The last few days:
- To the Oxford Playhouse to see the ETT in Hamlet. It left me unmoved — a decent, clean and clear production with Ed Stoppard in the lead. A BBC page says of the ETT and this production: 'ETT is renowned for the clarity and style of its work … This new production of Hamlet will stay true to the company’s ethos of producing raw, direct and passionate theatre'. I agree with the clarity bit, but no, there was little that was 'raw' or 'passionate'. I couldn't find any review of the production last week (when I went), but Michael Billington panned it on Friday in The Guardian:
… the English Touring Theatre offer us a middle-of-the-road, Jacobean-costumed version that has nothing fresh to say about the play. I have no problem with the period setting; it is the failure to investigate either the human relationships or the political context that troubles me. … this is set-text Shakespeare shrouded in decent dullness. When you recall that ETT began 12 years ago with Alan Cumming's capriciously eccentric Hamlet you feel that the company has dwindled into respectability.
There was an interview with Ed Stoppard in The Independent (conducted prior to the production).
- I finally got around to watching the film of The Madness of George III, The Madness of King George. I always feel with Bennett that there are much greater dramatic depths to be plumbed than he permits himself to look into. I saw the original stage production and prefer that greatly for its tightness, focus and energy — the central performance of Nigel Hawthorne being allowed to occupy its proper place.

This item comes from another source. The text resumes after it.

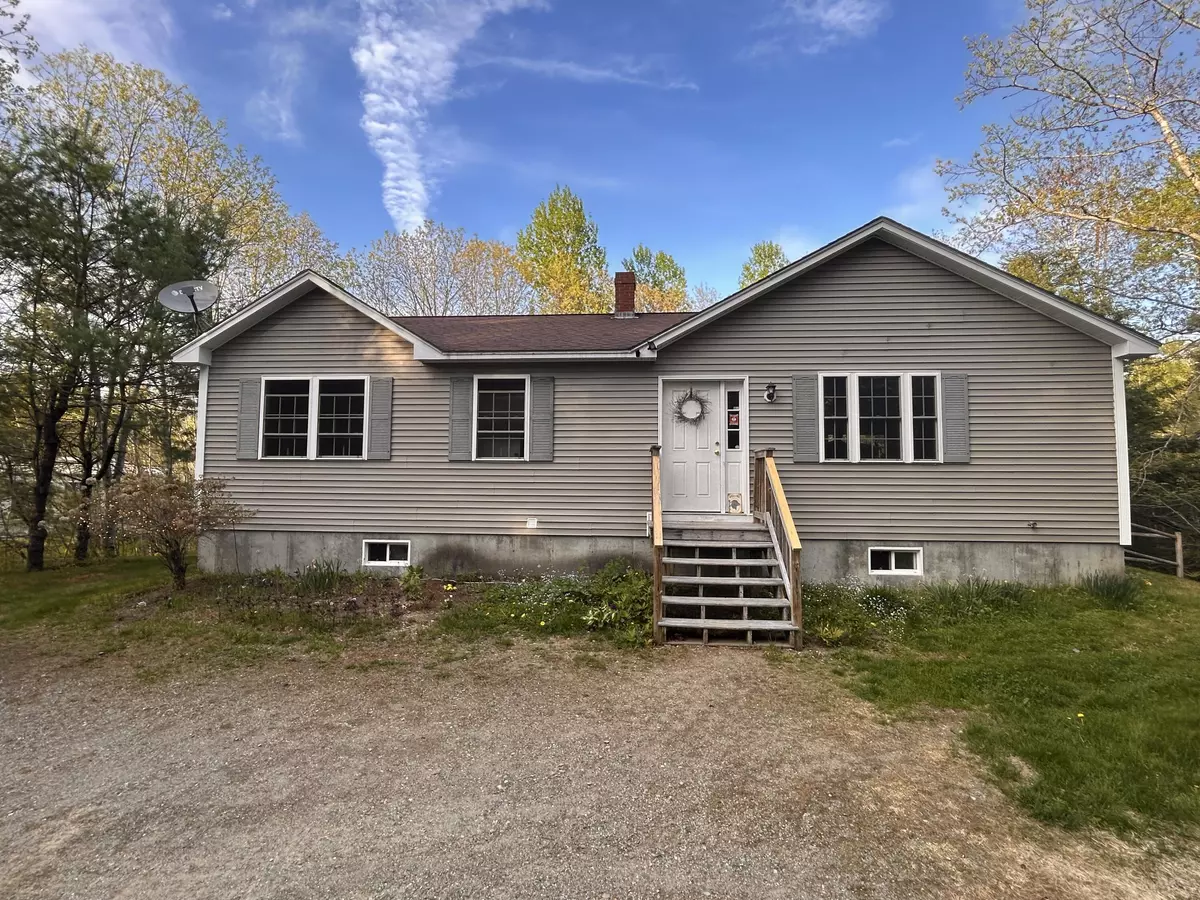 Lincolnville, ME 04849,537 Slab City RD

- Robert Crawford came to read at school on Wednesday evening and stayed the night. It was a good reading to which some of those present responded warmly. Robert opened with 'Chaps', of which the Literary Encyclopedia says:
In the militaristic-toned poem “Chaps”, Crawford uses repetition and language reminiscent of the stiff-upper-lip Englishman to convey a sense of how maleness has historically been perceived as both macho and a necessary element in the constitution of the British imperialistic project:
With his Bible, his Burns, his brose and his baps,
Colonel John Buchan is one of the chaps,
With his mother, his mowser, his mauser, his maps,
Winston S. Churchill is one of the chaps.Even the rhyme scheme and parallelism in this poem seems to play into the requirements of an essentialized British Empire. The regimentation of language is one of the dangerous consequences of imperialism and one that denies voices from breaking through and interacting with others. The refrain that Crawford employs has a similar effect: “Chaps chaps chaps chaps/ Chaps chaps chaps chaps”.
The marching regularity is emphasized but so too is the gender. A “chap” is not just any old male, it is a male who has been shaped by a past that requires that he behave in a particular way and communicate his gender in a fashion that must reflect the superiority and power of the state.
A concern with language, communication and identity marks much of Robert's work.
Later that evening, we joined up with Jamie McKendrick for supper. Conversation naturally focused on poets and poetry, but Jamie and Robert are both interested in the visual arts. Jamie spoke of his admiration for Plath's drawing of Ted Hughes, recently sold by Bonhams.
Copyright © 2002-2005 Bonhams 1793 Ltd
- Friday saw some of us go to catch Seth Lakeman on tour (St Mary's Church, Marlborough). I'm not in to English folk music much, but Seth Lakeman came to prominence earlier this year when he was nominated for the Mercury Prize and we felt we should go and hear him. (He also hit the headlines last year when he launched his new album at Dartmoor Prison.) He is a fine musician, the solo pieces he played being exceptionally powerful. As a trio they worked very well together, with marked mutual understanding, and his drummer proved a great hit with our party — photos. If he's to gain more fame and following, his music will inevitably have to shift somewhat. Acoustic now, he is already being described on the web as 'folk-rock' and on his own website as 'indie-folk'. One to watch.